I stand corrected about the time needed for computing the recommendation using Collection for precomputed values. Apparently I have put the long startTime = System.nanoTime();
on the top of my code, not before List<RecommendedItem> recommendations = cachingRecommender.recommend(userID, howMany);
. This counted the time needed to load the dataset and the precomputed item-item similarities into the main memory.
However I stand behind the memory consumptions. I improved it though using custom ItemSimilarity
and loading a HashMap<Long, HashMap<Long, Double>
of the precomputed similarity. I used the trove library in order to reduce the space requirements.

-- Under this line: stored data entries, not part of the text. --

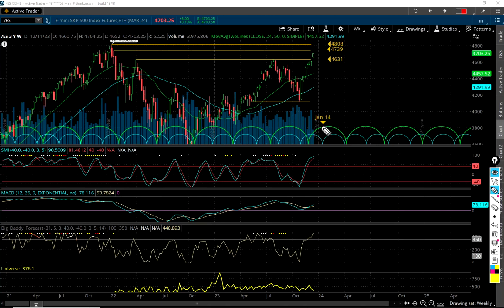We've got this January 14th cycle low. You can see the 47.39 line right there, which we could easily reach — we're at 47.03. Take a look at this: 90 on the SMI. Is that high for the weekly? Yeah, it's very high. This is way, way up here in the nosebleed section.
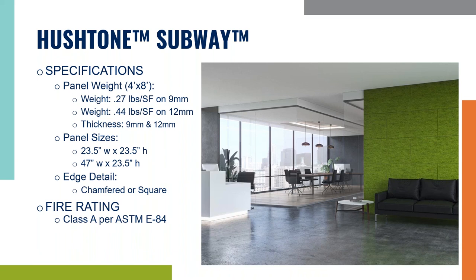The next product is the Hush Tone Subway. These panels have a very timeless look that never goes out of style. You can stack them for a more modern look, or stagger them for a traditional subway look as seen in the picture. These panels come in a 23.5 inch square or a 47 wide by 23.5 inch high panel. Two thicknesses are available: 9 millimeter and 12 millimeter. You can choose different edge profiles — the most popular would be the chamfer, which is a bevel, or a square edge.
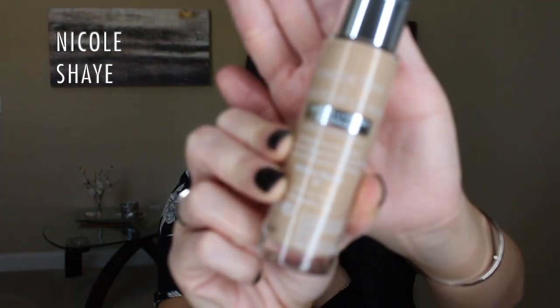First things first, I got the new It Cosmetics Your Skin But Better Foundation. It's in a really nice glass bottle and I got the shade Medium Neutral number 31 — basically medium with no yellow, cool, or warm tones. It's just neutral, which matches my skin tone. If I pick one that's too warm it's going to go really orange on me and oxidize really bad.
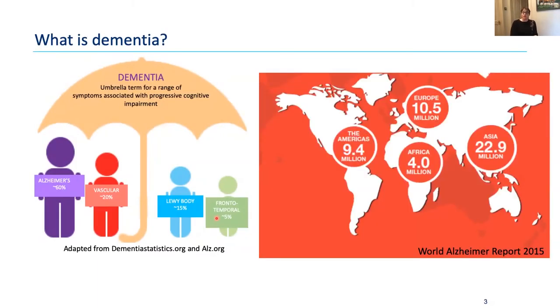Dementia as a group of diseases is of huge global relevance. It's estimated about 50 million people worldwide are living with some form of dementia — over 10 million in Europe, 9 million in the Americas, 4 million in Africa, and 22–23 million in Asia. These numbers are getting worse because the biggest risk factor is age, and our population is aging. We're living longer partly because research in heart disease and cancer has produced life-changing treatments.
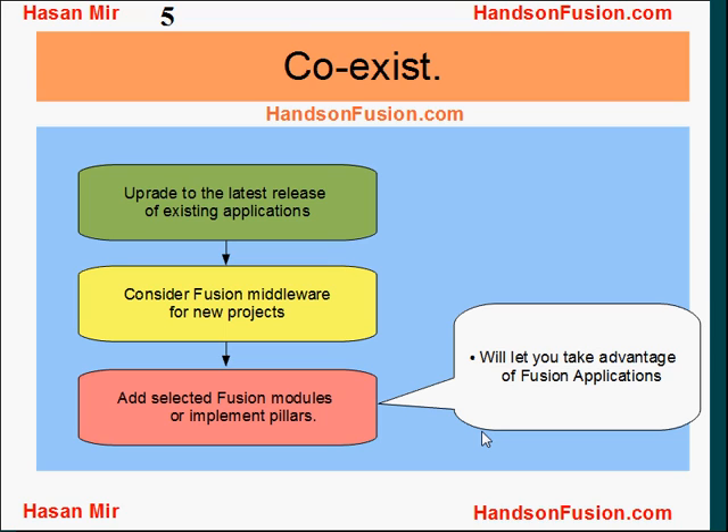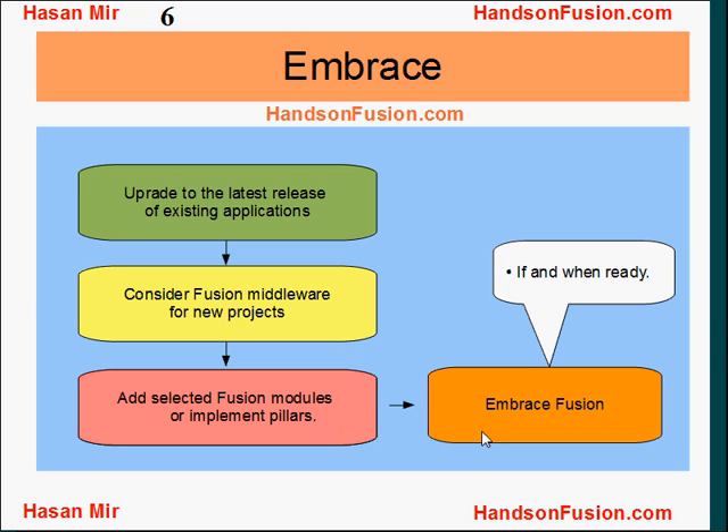Then you can choose to implement selected modules from Fusion, or you can choose to implement the pillars including Financials, Supply Chain Management, and Human Capital Management modules. This will let you take advantage of the strength and power of Fusion Applications. Later on, whenever you are ready — if and when you are ready — you can embrace Fusion completely.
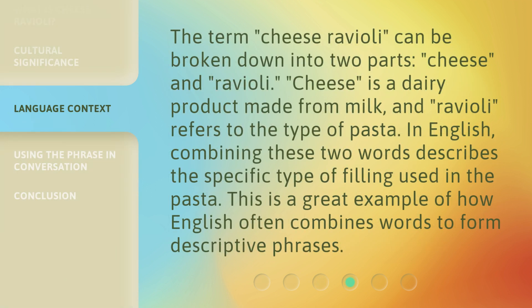The term cheese ravioli can be broken down into two parts: cheese and ravioli. Cheese is a dairy product made from milk, and ravioli refers to the type of pasta.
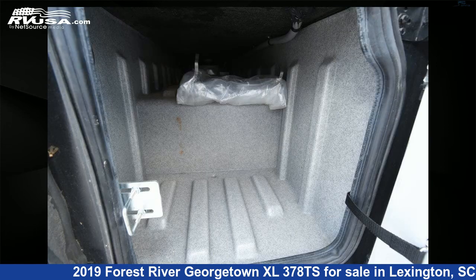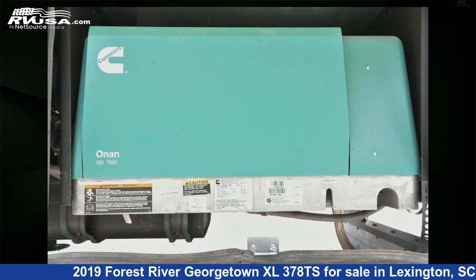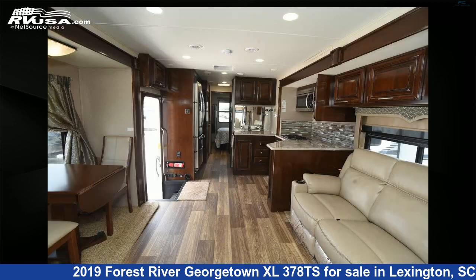This 2019 Forest River Georgetown XL378TS is built on a F-Series Super Duty chassis. For more information and pricing on this unit, and to see all units available for sale by Johns RV Sales and Service, visit rvusa.com.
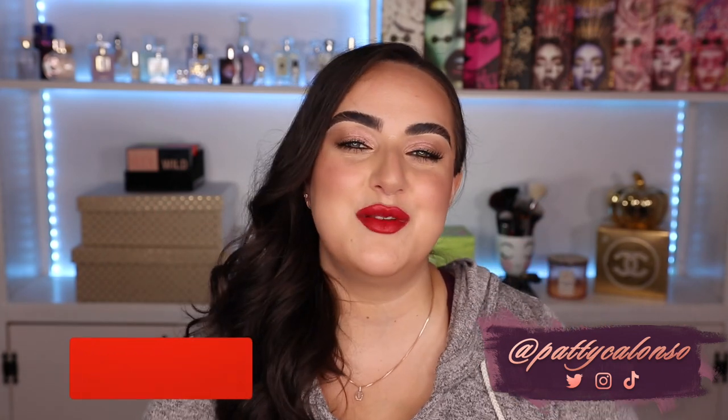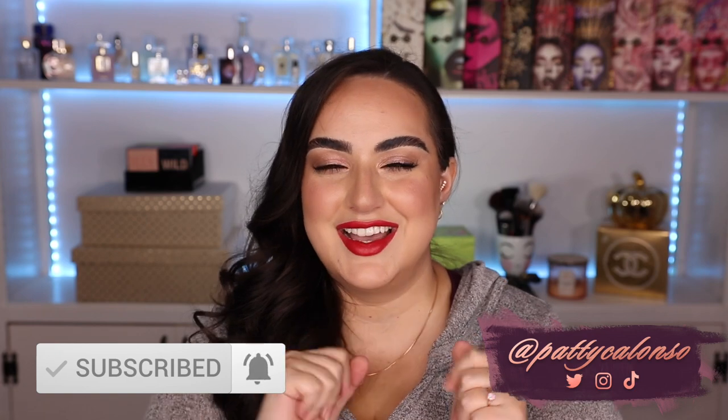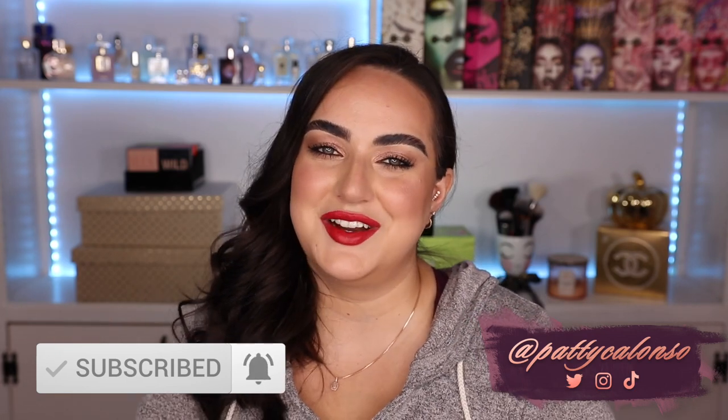Hi beautiful, welcome to my channel. In today's video I'm going to be going over my top 5 most favorite red lipsticks in my collection that I totally recommend for this holiday season. So if you're excited for the video, don't forget to give it a thumbs up. If you're new to my channel, please subscribe before you leave. And with that said, let's go ahead and get started.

Here is a detail code. The custom ItemSimilarity:
public class TextItemSimilarity implements ItemSimilarity{
private TLongObjectHashMap<TLongDoubleHashMap> correlationMatrix;
public WikiTextItemSimilarity(TLongObjectHashMap<TLongDoubleHashMap> correlationMatrix){
this.correlationMatrix = correlationMatrix;
}
@Override
public void refresh(Collection<Refreshable> alreadyRefreshed) {
}
@Override
public double itemSimilarity(long itemID1, long itemID2) throws TasteException {
TLongDoubleHashMap similarToItemId1 = correlationMatrix.get(itemID1);
if(similarToItemId1 != null && !similarToItemId1.isEmpty() && similarToItemId1.contains(itemID2)){
return similarToItemId1.get(itemID2);
}
return 0;
}
@Override
public double[] itemSimilarities(long itemID1, long[] itemID2s) throws TasteException {
double[] result = new double[itemID2s.length];
for (int i = 0; i < itemID2s.length; i++) {
result[i] = itemSimilarity(itemID1, itemID2s[i]);
}
return result;
}
@Override
public long[] allSimilarItemIDs(long itemID) throws TasteException {
return correlationMatrix.get(itemID).keys();
}
}
The total memory consumption together with my data set using Collection<GenericItemSimilarity.ItemItemSimilarity>
is 30GB, and when using TLongObjectHashMap<TLongDoubleHashMap>
and the custom TextItemSimilarity
the space requirement is 17GB.
The time performance is 0.05 sec using Collection<GenericItemSimilarity.ItemItemSimilarity>
, and 0.07 sec using TLongObjectHashMap<TLongDoubleHashMap>
. Also I believe that big role in the performance plays using CandidateItemsStrategy
and MostSimilarItemsCandidateItemsStrategy
I guess if you want to save some space use trove HashMap, and if you want just little better performance, you can use Collection<GenericItemSimilarity.ItemItemSimilarity>
.